EQT Midstream Partners, LP

Notes to Consolidated Financial Statements (Unaudited)

 

 

On January 14, 2013, following numerous discussions with its customers, Equitrans filed a Stipulation and Agreement of Settlement (Settlement) with the FERC.  The Settlement, which was approved by the FERC on March 22, 2013, resolved all issues arising out of Equitrans’ 2012 PSCT annual filing. The Settlement eliminated the tracking of PSIA costs and replaced the PSCT surcharge with a Pipeline Safety Cost (PSC) rate effective April 1, 2013. The new PSC rate has both a reservation and a usage component. The reservation component of the PSC rate applicable to firm transportation service is $0.8108 per Dth of the contract Maximum Daily Quantity applicable to service provided on the mainline system, and the usage component is $0.1372 per Dth delivered to the customer. The PSC rate applicable to interruptible over firm service, no-notice firm transportation service nominated on a point to point basis and interruptible service is $0.1372 per Dth delivered to the customer.

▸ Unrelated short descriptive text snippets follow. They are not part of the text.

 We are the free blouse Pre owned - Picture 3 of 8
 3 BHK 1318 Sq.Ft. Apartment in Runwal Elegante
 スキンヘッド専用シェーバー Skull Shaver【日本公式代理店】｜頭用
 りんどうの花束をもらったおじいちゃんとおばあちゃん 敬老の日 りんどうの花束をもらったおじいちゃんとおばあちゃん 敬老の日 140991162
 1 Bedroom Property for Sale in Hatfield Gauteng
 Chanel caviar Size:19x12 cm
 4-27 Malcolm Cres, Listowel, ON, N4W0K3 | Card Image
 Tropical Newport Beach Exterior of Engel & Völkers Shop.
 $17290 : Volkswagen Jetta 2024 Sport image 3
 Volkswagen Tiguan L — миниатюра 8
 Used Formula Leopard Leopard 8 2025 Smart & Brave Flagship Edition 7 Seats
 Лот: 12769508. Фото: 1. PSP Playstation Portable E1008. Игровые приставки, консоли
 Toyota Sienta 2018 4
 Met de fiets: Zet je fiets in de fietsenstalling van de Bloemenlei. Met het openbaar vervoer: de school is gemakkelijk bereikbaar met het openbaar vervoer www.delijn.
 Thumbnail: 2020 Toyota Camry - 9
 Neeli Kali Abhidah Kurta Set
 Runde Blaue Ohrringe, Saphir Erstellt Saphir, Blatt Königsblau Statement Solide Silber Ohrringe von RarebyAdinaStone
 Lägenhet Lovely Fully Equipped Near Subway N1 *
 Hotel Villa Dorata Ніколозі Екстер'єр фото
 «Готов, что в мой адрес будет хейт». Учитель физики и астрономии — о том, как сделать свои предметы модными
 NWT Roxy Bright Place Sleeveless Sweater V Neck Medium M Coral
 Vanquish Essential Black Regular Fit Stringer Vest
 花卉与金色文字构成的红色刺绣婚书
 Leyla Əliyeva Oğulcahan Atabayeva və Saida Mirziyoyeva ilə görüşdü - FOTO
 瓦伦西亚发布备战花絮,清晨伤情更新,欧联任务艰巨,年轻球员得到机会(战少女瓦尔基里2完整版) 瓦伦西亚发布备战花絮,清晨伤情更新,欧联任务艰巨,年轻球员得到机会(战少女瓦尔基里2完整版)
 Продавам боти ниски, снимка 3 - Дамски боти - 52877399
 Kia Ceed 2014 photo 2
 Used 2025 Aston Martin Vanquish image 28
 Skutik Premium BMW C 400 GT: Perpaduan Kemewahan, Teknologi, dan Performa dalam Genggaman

Additionally, under the Settlement, Equitrans reduced its transmission retainage factor approved in Equitrans’ most recent 2006 rate case from 3.72% to 2.72% effective February 1, 2013. Equitrans no longer tracks its continued recovery of base storage gas, and the base storage gas recovery limit established in the 2006 rate case settlement has been eliminated. To the extent that Equitrans over-recovers its actual fuel and lost gas, the excess gas could be used to replenish the storage base gas. The PSC rate and transmission retainage factor will be in effect for a minimum of three years.

 

I.                            Subsequent Events

 

On April 23, 2013, the Company announced that the Board of Directors of its general partner declared a cash distribution to the Company’s unitholders of $0.37 per unit for the first quarter of 2013.  The cash distribution is payable on May 15, 2013 to unitholders of record at the close of business on May 6, 2013.

 

J.                          Subsidiary Guarantors

 

The Company anticipates filing a registration statement on Form S-3 with the SEC to register, among other securities, debt securities. The subsidiaries of the Company (Subsidiaries) will be co-registrants with the Company, and the registration statement will register guarantees of debt securities by one or more of the Subsidiaries (other than EQT Midstream Finance Corporation, a 100 percent owned subsidiary of the Company whose sole purpose is to act as co-issuer of such debt securities). The Subsidiaries are 100 percent owned by the Company and any guarantees by the Subsidiaries will be full and unconditional. The Company has no assets or operations independent of the Subsidiaries, and there are no significant restrictions upon the ability of the Subsidiaries to distribute funds to the Company by dividend or loan. In the event that more than one of the Subsidiaries provide guarantees of any debt securities issued by the Company, such guarantees will constitute joint and several obligations. None of the assets of the Company or the Subsidiaries represent restricted net assets pursuant to Rule 4-08(e)(3) of Regulation S-X under the Securities Act of 1933, as amended.